Start of Available data
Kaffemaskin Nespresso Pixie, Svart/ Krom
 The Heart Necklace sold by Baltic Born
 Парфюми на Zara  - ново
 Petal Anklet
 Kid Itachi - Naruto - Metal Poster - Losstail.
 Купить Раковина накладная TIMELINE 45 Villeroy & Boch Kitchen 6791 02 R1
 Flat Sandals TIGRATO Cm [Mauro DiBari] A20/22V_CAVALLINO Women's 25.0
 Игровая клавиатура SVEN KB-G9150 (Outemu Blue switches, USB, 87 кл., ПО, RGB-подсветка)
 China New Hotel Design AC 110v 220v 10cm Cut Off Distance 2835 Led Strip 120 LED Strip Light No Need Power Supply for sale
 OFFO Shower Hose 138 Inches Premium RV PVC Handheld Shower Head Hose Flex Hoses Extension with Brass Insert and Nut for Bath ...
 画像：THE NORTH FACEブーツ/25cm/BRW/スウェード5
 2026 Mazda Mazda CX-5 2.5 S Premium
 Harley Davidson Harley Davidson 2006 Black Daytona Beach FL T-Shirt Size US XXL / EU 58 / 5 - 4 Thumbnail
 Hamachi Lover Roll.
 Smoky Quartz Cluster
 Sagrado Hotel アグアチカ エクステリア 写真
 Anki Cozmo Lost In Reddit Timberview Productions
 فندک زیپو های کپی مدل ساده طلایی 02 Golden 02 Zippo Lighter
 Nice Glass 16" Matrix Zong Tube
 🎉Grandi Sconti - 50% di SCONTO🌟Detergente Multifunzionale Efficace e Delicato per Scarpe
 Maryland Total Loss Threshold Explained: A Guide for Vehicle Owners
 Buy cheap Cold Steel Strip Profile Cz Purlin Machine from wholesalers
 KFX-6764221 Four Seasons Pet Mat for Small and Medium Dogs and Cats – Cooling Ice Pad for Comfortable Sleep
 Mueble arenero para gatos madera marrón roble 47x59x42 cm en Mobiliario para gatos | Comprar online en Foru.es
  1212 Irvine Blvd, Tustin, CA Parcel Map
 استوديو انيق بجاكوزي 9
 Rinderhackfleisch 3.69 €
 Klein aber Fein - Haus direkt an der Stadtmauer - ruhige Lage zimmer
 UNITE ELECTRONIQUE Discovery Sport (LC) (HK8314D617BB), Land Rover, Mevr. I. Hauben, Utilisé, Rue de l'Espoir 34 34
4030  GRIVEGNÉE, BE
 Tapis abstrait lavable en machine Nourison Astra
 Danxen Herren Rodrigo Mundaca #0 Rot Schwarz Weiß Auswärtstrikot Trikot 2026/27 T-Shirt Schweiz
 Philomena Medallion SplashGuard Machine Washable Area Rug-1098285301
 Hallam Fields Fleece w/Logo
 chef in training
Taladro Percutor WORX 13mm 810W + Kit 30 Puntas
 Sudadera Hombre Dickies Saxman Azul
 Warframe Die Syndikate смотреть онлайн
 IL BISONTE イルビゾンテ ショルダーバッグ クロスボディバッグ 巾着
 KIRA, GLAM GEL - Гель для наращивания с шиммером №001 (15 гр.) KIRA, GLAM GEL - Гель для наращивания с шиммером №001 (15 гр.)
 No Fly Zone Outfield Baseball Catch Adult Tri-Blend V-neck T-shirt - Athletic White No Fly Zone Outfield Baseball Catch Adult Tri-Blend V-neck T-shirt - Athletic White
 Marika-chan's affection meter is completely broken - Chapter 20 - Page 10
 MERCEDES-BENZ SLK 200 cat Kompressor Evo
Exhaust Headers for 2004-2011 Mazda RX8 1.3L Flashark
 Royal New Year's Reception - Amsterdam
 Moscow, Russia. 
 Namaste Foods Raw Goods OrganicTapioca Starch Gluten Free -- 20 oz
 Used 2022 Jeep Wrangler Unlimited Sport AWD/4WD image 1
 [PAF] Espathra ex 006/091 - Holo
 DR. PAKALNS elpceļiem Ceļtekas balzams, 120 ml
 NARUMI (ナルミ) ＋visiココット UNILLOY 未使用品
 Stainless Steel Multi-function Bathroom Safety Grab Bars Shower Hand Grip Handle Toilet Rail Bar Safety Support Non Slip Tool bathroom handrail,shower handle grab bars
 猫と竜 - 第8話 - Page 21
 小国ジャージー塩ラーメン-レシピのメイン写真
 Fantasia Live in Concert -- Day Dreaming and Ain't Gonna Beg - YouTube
End of Available data
■ Exercise details:
The answer should be all lines from the entries above that hold the word "Sport".

■ Response:
 UNITE ELECTRONIQUE Discovery Sport (LC) (HK8314D617BB), Land Rover, Mevr. I. Hauben, Utilisé, Rue de l'Espoir 34 34
 Used 2022 Jeep Wrangler Unlimited Sport AWD/4WD image 1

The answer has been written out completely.